Wie wird über den Vizepräsidenten/die Vizepräsidentin entschieden?

Über das Vizepräsidentenamt entscheidet der Senat. Hier stehen nur die zwei bestplatzierten zur Wahl. Gewinner ist, wer die Mehrheit der Senatorinnen und Senatoren für sich gewinnt, oder 51 Stimmen.

Welche Folgen kann diese Art der Wahl haben?

Bei diesem Verfahren ist es möglich, dass ein Demokrat Präsident wird und ein Republikaner Vizepräsident.

Gäbe es, neben einem klaren Wahlsieg, noch andere Chancen für Trump, Präsident zu bleiben? 

Durch Verzögerungen bei der Bekanntgabe des Wahlergebnisses – das meint zumindest der Staatsrechtler Alexander Thiele von der Universität Göttingen, Fachmann fürs US-Verfassungsrecht. Er hält die zahlreichen Klagen des Trump-Teams für eine Strategie, die in diese Richtung geht, wie er dem Deutschlandfunk sagte. Wenn sich das Ergebnis immer weiter verzögere, könnte der Gesetzgeber der Bundesstaaten das Ergebnis der Wahl selbst bestimmen, um bis zur Wahl Anfang Dezember seine Wahlmänner und Wahlfrauen entsenden zu können.

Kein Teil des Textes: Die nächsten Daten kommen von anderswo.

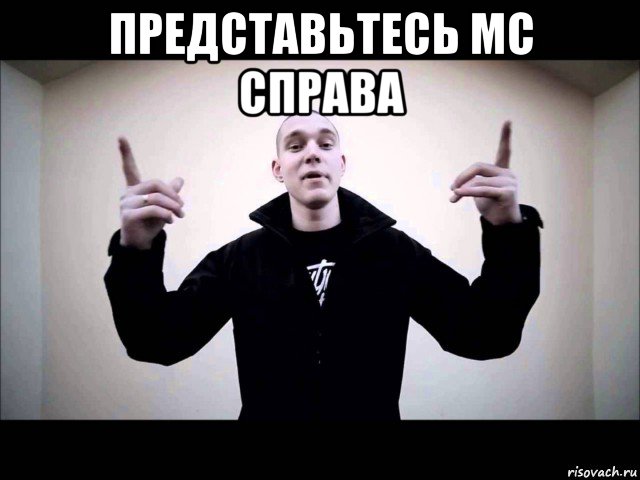 представьтесь мс справа 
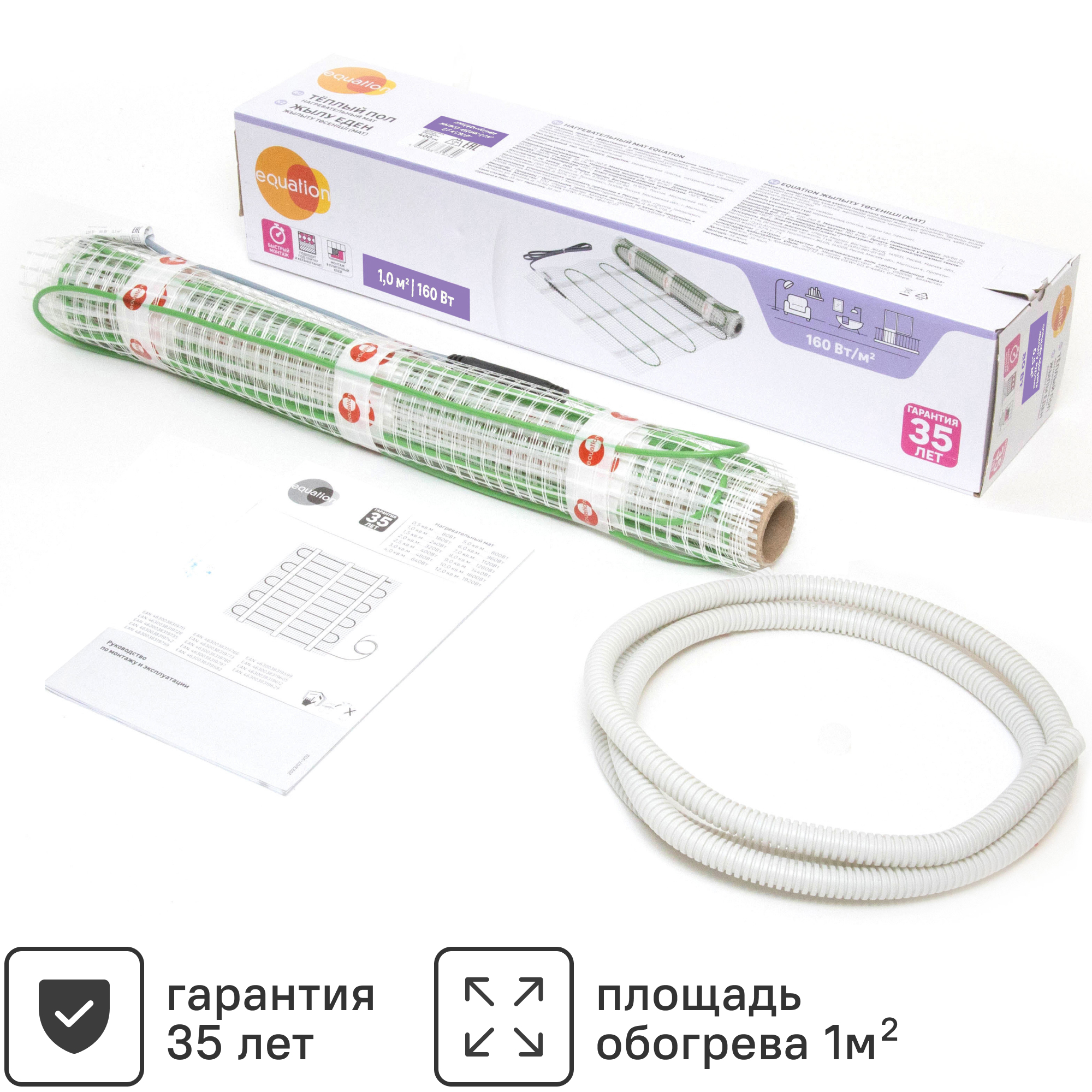 Изображение товара Нагревательный мат для теплого пола Equation 1 м2 160 Вт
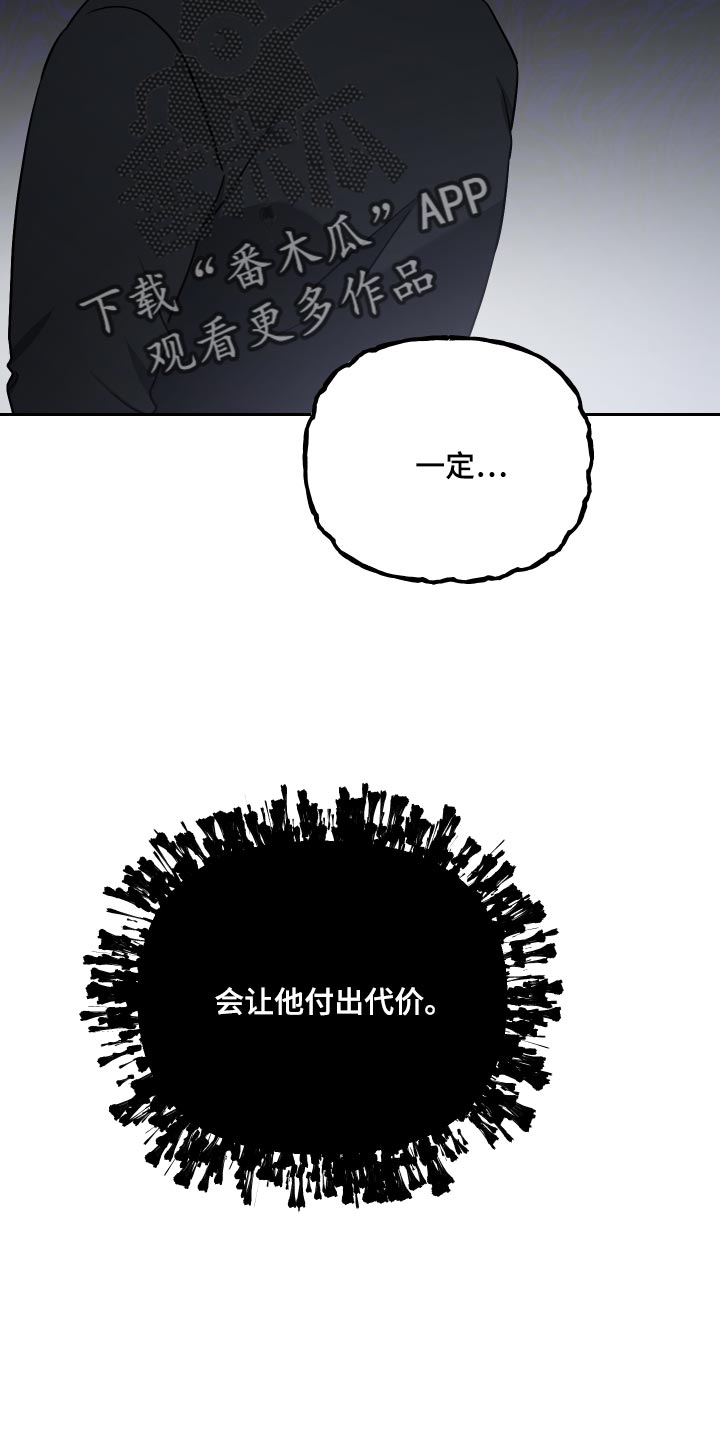 第80章：留在我身边14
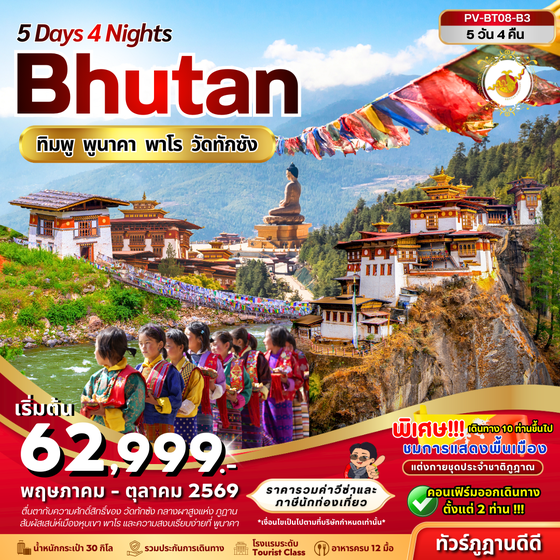 (PV-BT08-B3) Bhutan 5 Days 4 Nights ทิมพู พูนาคา พาโร วัดทักซัง (พ.ค.-ต.ค. 69)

In der Verfassung stehe „nämlich gar nicht drin, dass die Bundesstaaten eine Wahl abhalten müssen“. Sondern nur, dass „der bundesstaatliche Gesetzgeber die Wahlmänner“ entsende. Und es gebe „tatsächlich einige konservative Richter auch am Supreme Court, die sagen, wenn das Wahlergebnis unklar ist zu einem Zeitpunkt, wo das Ergebnis aber feststehen muss, dann könnte theoretisch der Gesetzgeber des Bundesstaates die Wahlmänner einfach selber entsenden“.